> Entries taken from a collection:
○ ○ ○ ○ ○

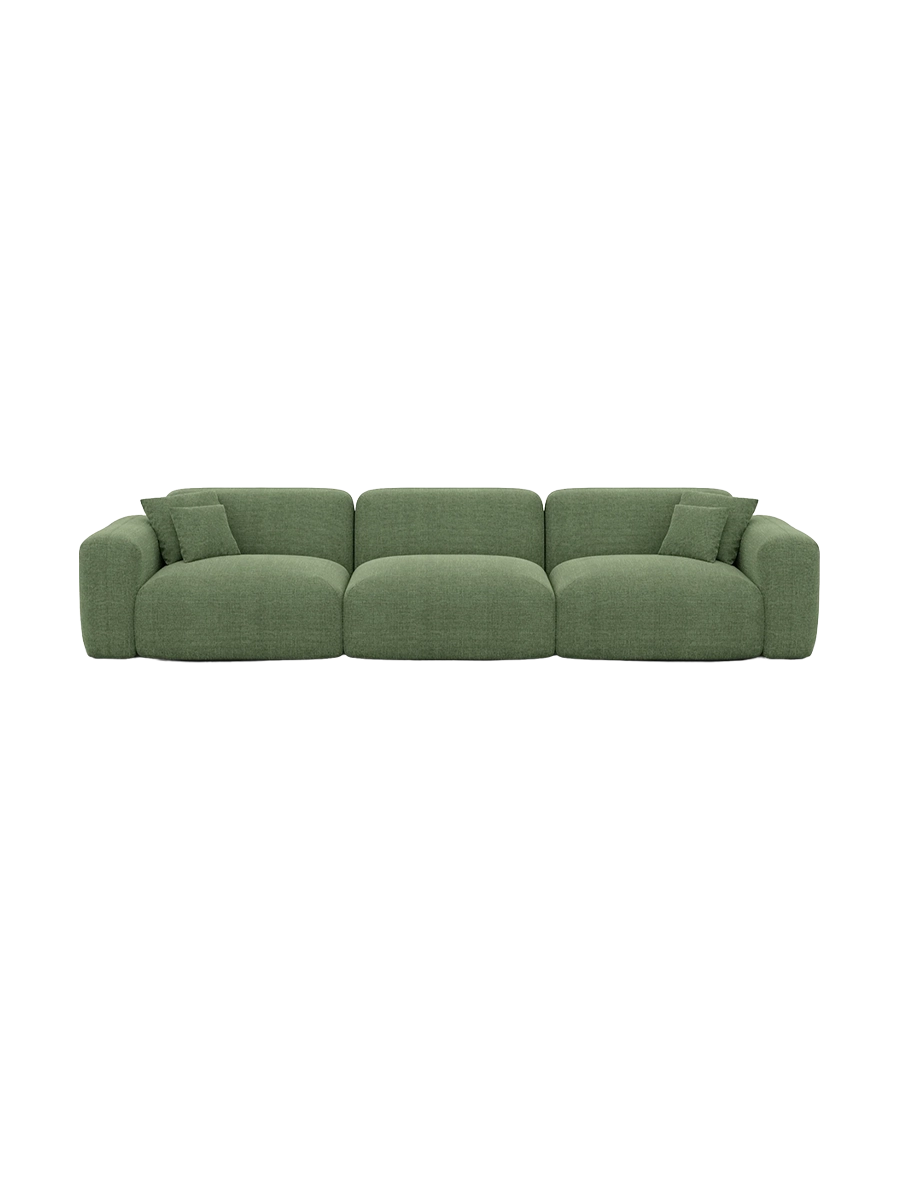 
4-Sitzer Design Sofa „Aras“ mit Strukturstoff-Bezug - Strukturstoff Anthrazit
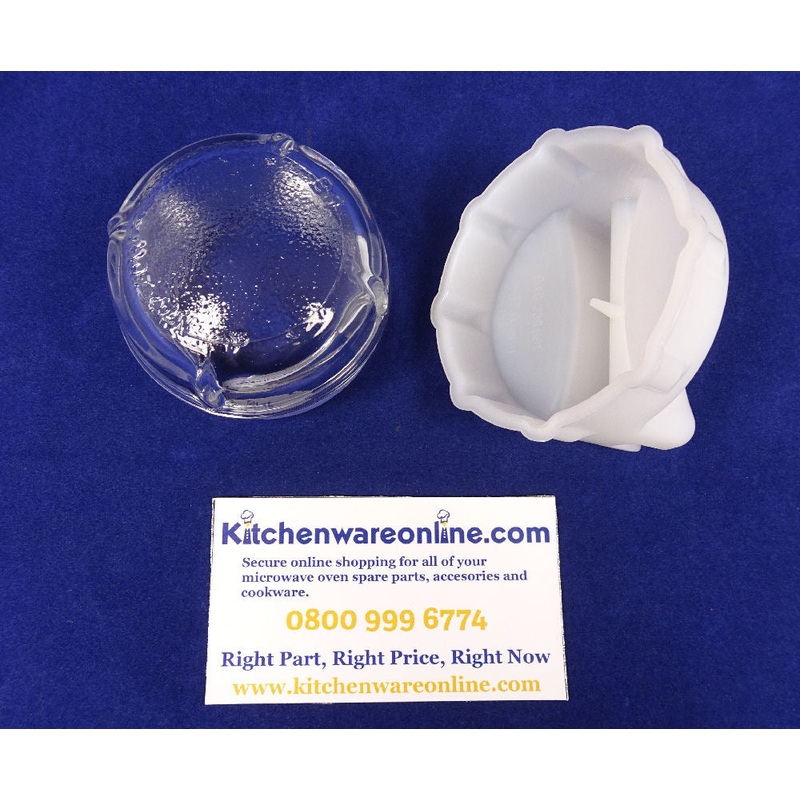 Siemens microwave oven bulb glass and removal tool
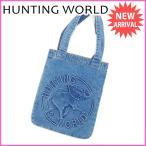 ハンティングワールド HUNTING WORLD トートバッグ ショルダーバッグ メンズ エレファントマーク 中古 美品 セール J9877s
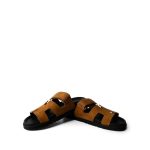 Chypre Gold Suede Sandals (Size 37 / 7 US) - Image 2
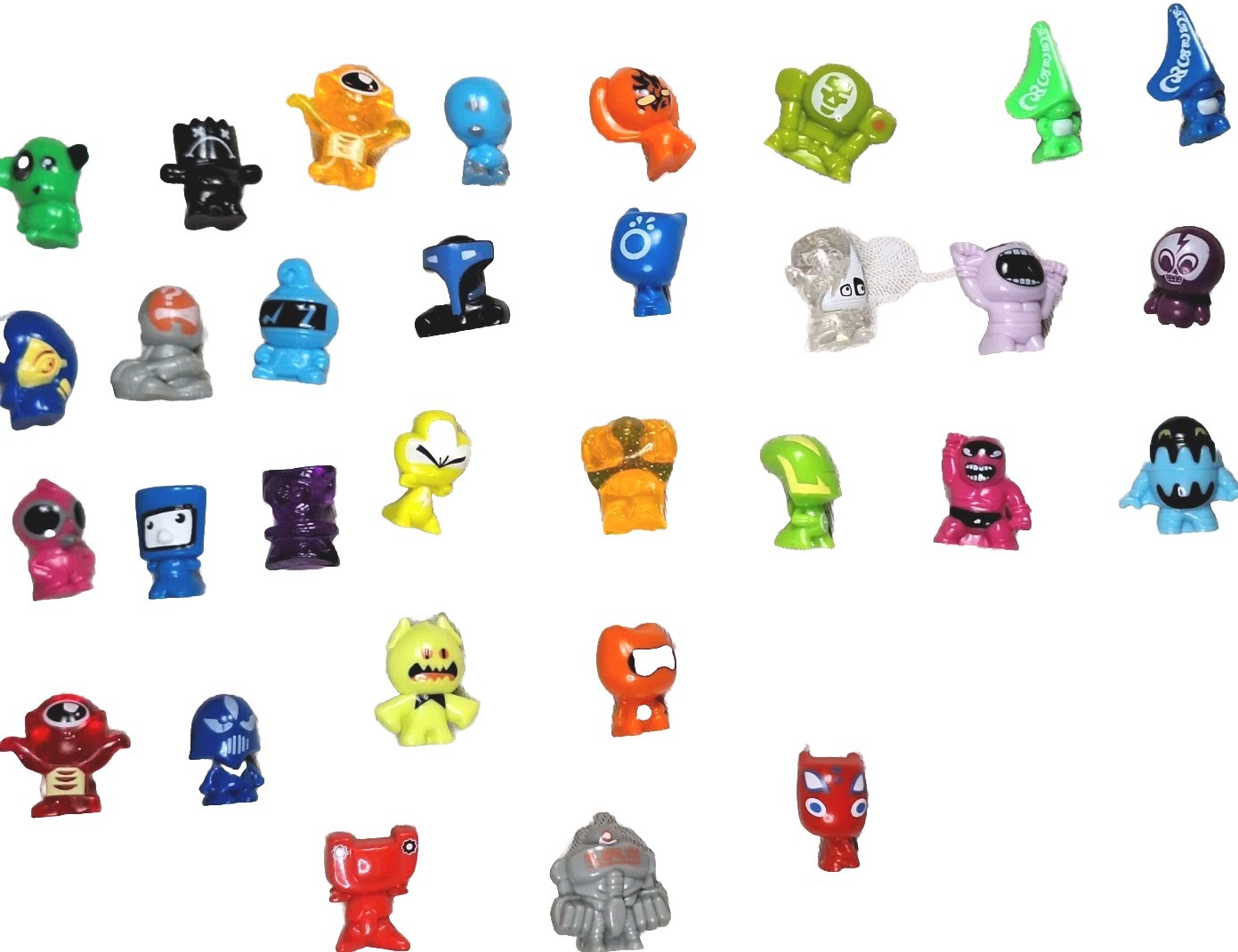 31 Magic Box Gogos Crazy Bones Lot Assorted Mini Figures Toys Game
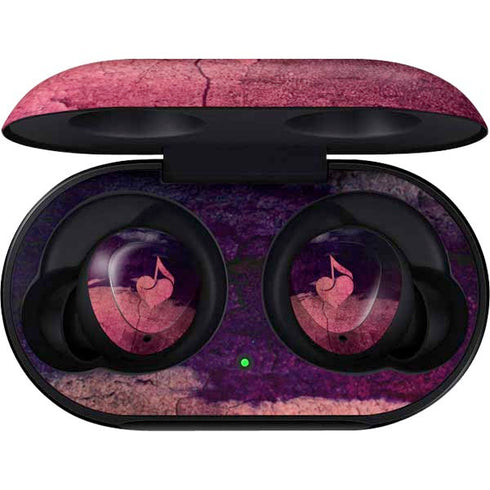 Rustic Musical Heart Galaxy Buds Skin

○ ○ ○ ○ ○

Every line above is to be reproduced verbatim, and the pictures are to be omitted.

4-Sitzer Design Sofa „Aras“ mit Strukturstoff-Bezug - Strukturstoff Anthrazit
 Siemens microwave oven bulb glass and removal tool
 ハンティングワールド HUNTING WORLD トートバッグ ショルダーバッグ メンズ エレファントマーク 中古 美品 セール J9877s
 Chypre Gold Suede Sandals (Size 37 / 7 US) - Image 2
 31 Magic Box Gogos Crazy Bones Lot Assorted Mini Figures Toys Game
 Rustic Musical Heart Galaxy Buds Skin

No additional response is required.